Educating Through COVID: From Connecticut Turning to Saturday Academies as Key Learning Recovery Tool to a Boost for Microschools in Idaho, 12 Ways States Are Confronting the Crisis
State education officials are pushing the federal Department of Education to clarify expectations for state school accountability systems that have been largely halted by two years of pandemic disruption and cancelled state summative tests.
“In some cases, we simply don’t have the data to calculate accountability scores using normal business rules,” said a Georgia Department of Education spokesperson. “That will necessitate some adjustments.” The comments — and coverage by The 74’s Linda Jacobson — come after state officials met with Secretary Miguel Cardona during a meeting hosted by the Council of Chief State School Officers on topics of accountability and pandemic recovery.
Elsewhere, attention being paid to the distribution and use of billions of dollars in federal school aid is increasing among state and federal lawmakers, education advocates and experts, and groups representing philanthropies, parents, and teachers. In a recent congressional hearing on the use and tracking of funds, Cindy Marten, the Education Department’s deputy secretary, said the department had approved 46 state spending plans, while some members of Congress and of both parties urged more robust transparency and reporting for how the money is spent.
“Spending 400% more on K through 12 schools than they normally receive from the Department of Education in one year should warrant transparency and accountability at the very least,” said Rep. Burgess Owens, R-Utah. Meanwhile, some states and districts — like Indiana and Baltimore — are taking matters into their own hands by calling for transparency in spending or even moving forward on local plans to more closely monitor the trails of funds.

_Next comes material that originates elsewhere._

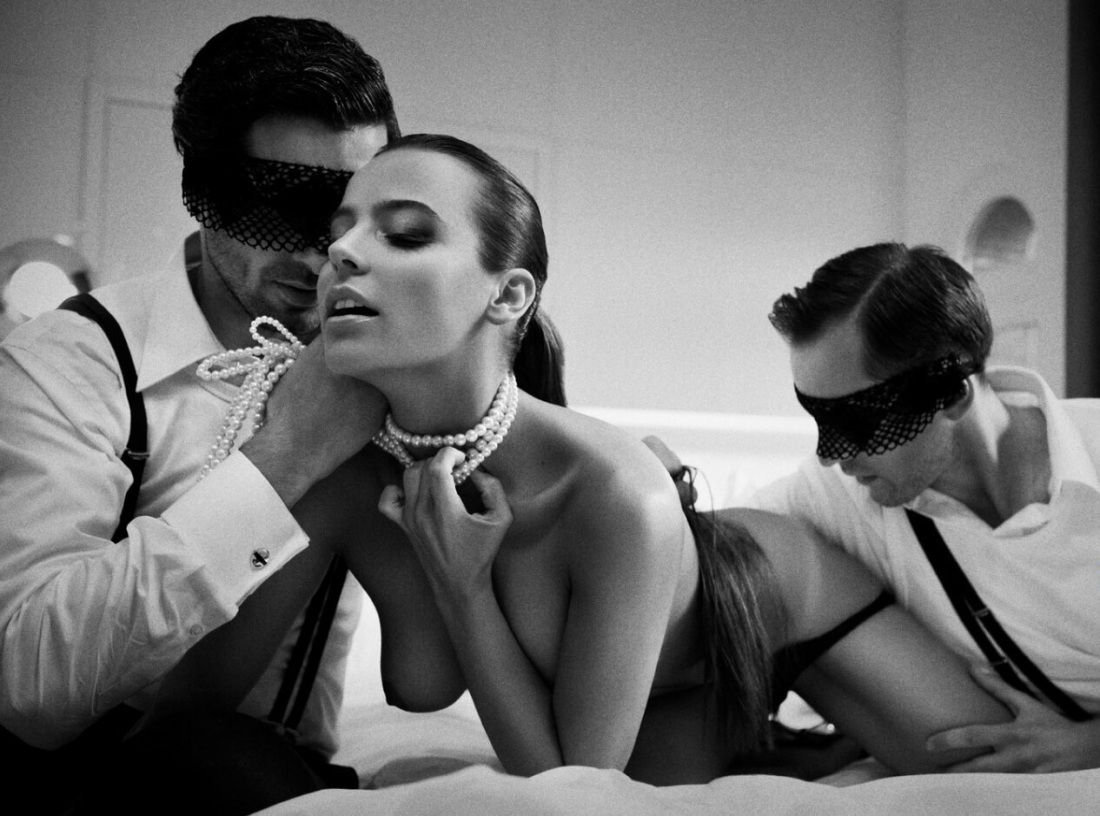 Красивая фотосессия мжм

Looking beyond issues of accountability and relief funds, here are ten other updates from across the country about how states and school systems are confronting the challenges posed by COVID-19 and its variants — and working to preserve student learning amid the pandemic:
CONNECTICUT — Saturday Academies Compose One Tool for Hartford’s Learning Recovery
Multiple school buildings in Hartford, Connecticut, will be open and accessible on Saturdays as part of a new program aimed at offering learning acceleration opportunities to students who may have fallen behind during the pandemic. Local leaders hope the “Saturday Academies” will serve more than 800 students and offer a range of supports, from academic to physical and emotional. The program is estimated to cost $1.5 million, will be paid for by federal relief aid, and will run for the next three years.

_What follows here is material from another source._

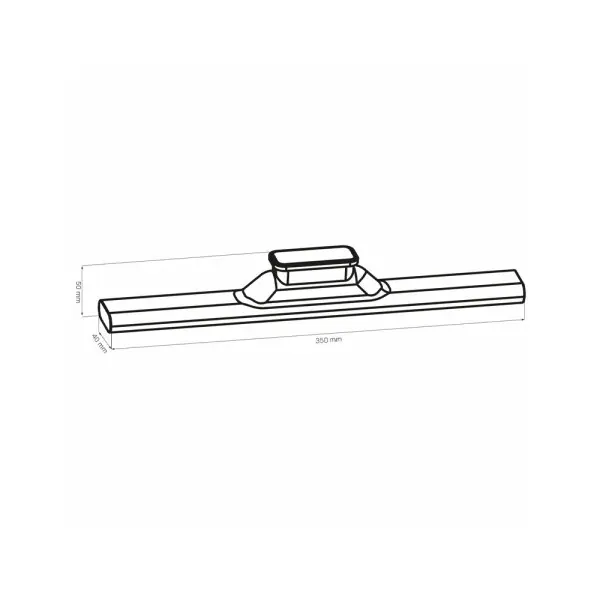 Светильник с аккумулятором переносной Goldlux 325112 Magnetic Led 1x2.5W 2700K-6500K 200Lm IP20 - фото №4 Светильник с аккумулятором переносной Goldlux 325112 Magnetic Led 1x2.5W 2700K-6500K 200Lm IP20 - фото №4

IDAHO — ‘Microschooling’ May Have Gotten Quiet Boost From State Education Legislation
Duncan Robb — “a Boise resident, former policy advisor at the Idaho State Department of Education, and new dad of a future Idaho student” — details how microschools, commonly called “learning pods,” might continue to grow and improve in the Gem State due to legislation approved by the legislature earlier this year. Building on evidence that parents who opt for micro-schooling options may be much more welcoming of state and federal assistance, Robb writes “the inside-the-system innovation classroom approach may be just the thing that allows parents to explore a new option for their child without taking on all the responsibility of the public school system.”

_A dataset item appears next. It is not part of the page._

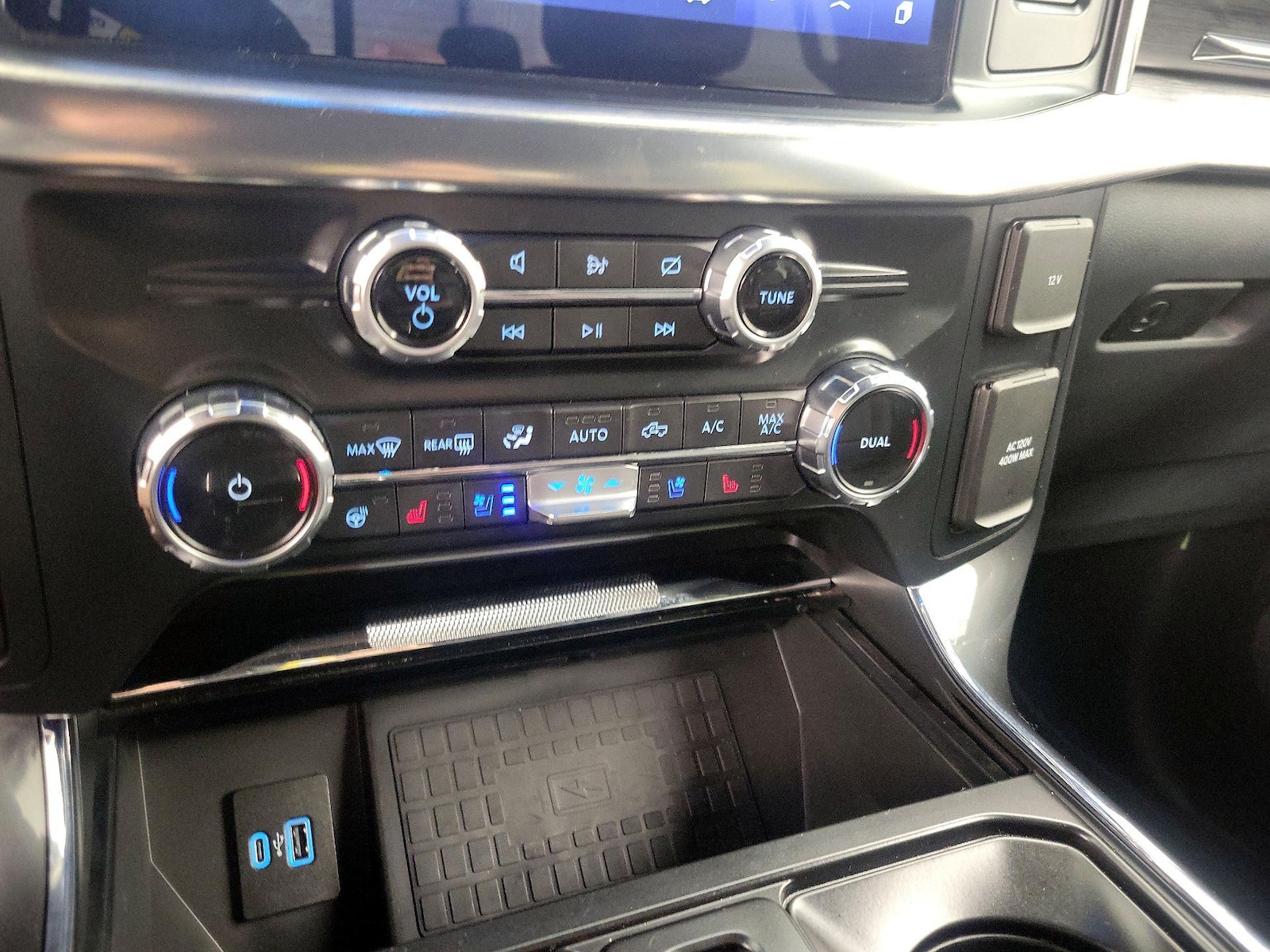 2022 Ford F-150 Lariat - Photo 18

TENNESSEE — State Launches Expansive, $200 Million Tutoring Initiative, Building on Bold Recovery Plan
More than 150,000 students across 79 Tennessee districts are poised to receive “frequent, in-person, small-group tutoring” after the state announced an expansive, $200 million tutoring effort. Specific forms of tutoring have “consistently proven to accelerate achievement as quickly as possible” for all students regardless of their demographics, age, or whether they are from rural, suburban or urban areas, said Penny Schwinn, the state’s education commissioner. Districts can offer the bolstered tutoring program during or outside of the school day, prompting some districts to begin renewed recruitment efforts for already hard-to-come-by teaching talent. The campaign is just the latest of Tennessee’s education recovery actions, accompanied by another recent announcement of a state dashboard that will allow families to find specific information about their schools and districts.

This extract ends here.